Someone set up a Twitter account called @MPRmn and automated the posting of items from Minnesota Public Radio‘s RSS feed to Twitter with Twitterfeed. MPR made a good faith effort to contact the individual and when that didn’t work they went to Twitter management and asked if they could get in touch with the account holder. Twitter management talked to the account holder. Now MPR has the name @MPRmn; the original account holder has the account (with all the followers) and a different screen name (@MPRmnfan). MPR never talked directly to the previous account holder.
So now @MPRmnfan is accusing MPR of bullying.
Minnesota Public Radio contacted Twitter to stop these updates. Apparently MPR does not value the Twitter community. 10:59 PM August 23, 2008 from web
Several people have commented on how valuable this service is. I expect legal threats from large corporations, not MPR. 10:59 PM August 23, 2008 from web
It’s unfortunate that Minnesota *PUBLIC* Radio does not want to make their news public, and that this service has to go. 11:03 PM August 23, 2008 from web
Instead, people who have been following @MPRmn will now likely get a human with a bias filtering the news articles linked on Twitter. 11:04 PM August 23, 2008 from web
No more news updates will come from this account. Direct your complaints about MPR’s abusive bullying to @bcollinsmn now @N614EF. 1 day ago from web
According to MPR’s Interactive Producer Julia Schrenkler:
@pfhyper yep, fed by MPR directly now. we tried to contact the person who set it up but there was no info. @ replies will be seen by staff. about 4 hours ago from web
@taulpaul threat? no. MPR tried to contact him/her, couldn’t, no contact info/transparency. @MPRmn reassigned to MPR by Twitter, by req. about 3 hours ago from web
@taulpaul it seems Twitter reassigns the name and lets the old acct holder pick a new name on that acct, retaining the followers etc about 3 hours ago from web
@taulpaul tried to contact to ask for acct access via twitterfeed/twitter. not sure what language Twitter used when they contacted him/her about 2 hours ago from web
Hoo, boy, where to begin?
#1: @MPRmnfan’s righteous indignation over MPR’s thwarting of the “public service” they were supposedly providing is laughable. They are not providing any information that is not already available on MPR’s website. The accusations that MPR is trying to keep information from the public eye, that MPR is biased, and that MPR doesn’t value the Twitter community are just ludicrous. (Okay, you could argue MPR has bias, but it’s not on account of their Twitter policy.)

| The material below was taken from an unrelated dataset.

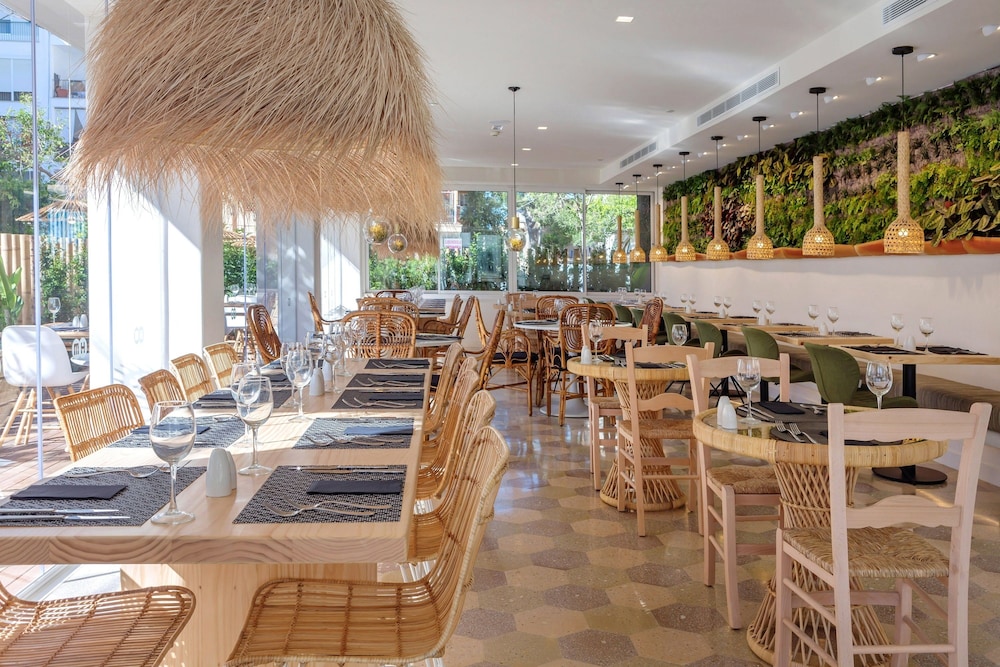 hotel hm alma beach adults only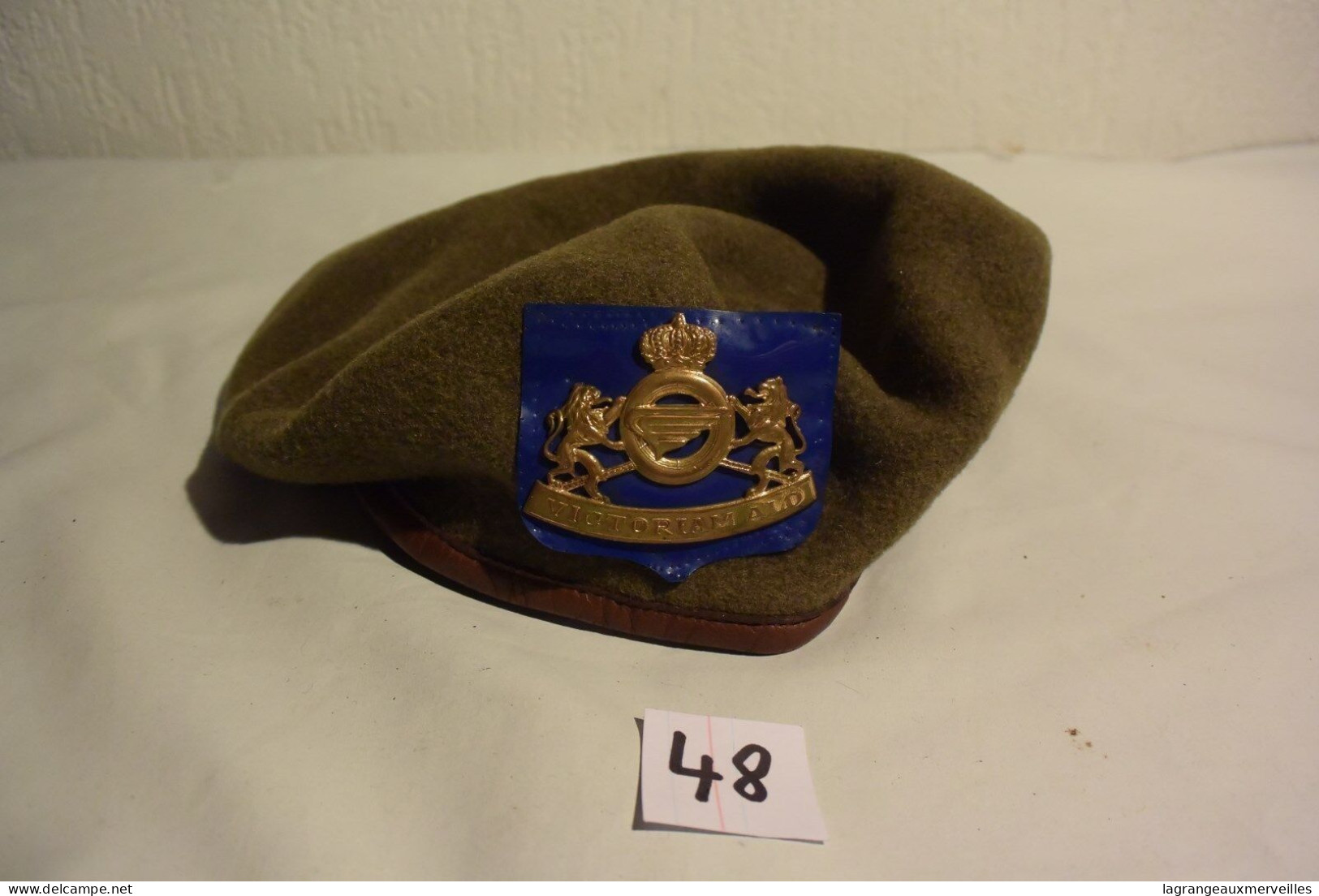 C48 Ancien Béret Militaire Victoriam Alo - Uniforms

#2: Dumping an RSS feed into Twitter is not valuable. Period. (Unless you’re the Daily Planet and your RSS feeds are abominable.) Especially when an organization already has a pretty good Twitter presence, which MPR does. The whole point of having a Twitter presence as an organization is that there are people behind it. If I just want RSS, there are feedreaders and Cullect and Friendfeed and all sorts of aggregation tools for that. How is a human vetting which news stories from the website go to Twitter any more biased than what goes up on MPR’s website in the first place?
#3: MPR did not ask you to set up this account. You are squatting. You are using their name and logo. It’s in bad faith and in poor taste. I don’t think it’s unreasonable for them to request access to an account that has their name on it. It was nice of them to ask instead of just slapping you with a C&D.
#4: What does Bob Collins have to do with anything? Sure, dude is cranky, but how is that related to any of this?
@MPRmnfan’s rationale is beyond ridiculous and the response sounds like a temper tantrum at best.
This isn’t just about Twitter and what’s good and bad Twitter etiquette. It’s about misrepresenting yourself as part of an organization and then having the nerve to be indignant when they call you on it.
I wonder if they go through this exercise again with The Current’s Twitter accounts.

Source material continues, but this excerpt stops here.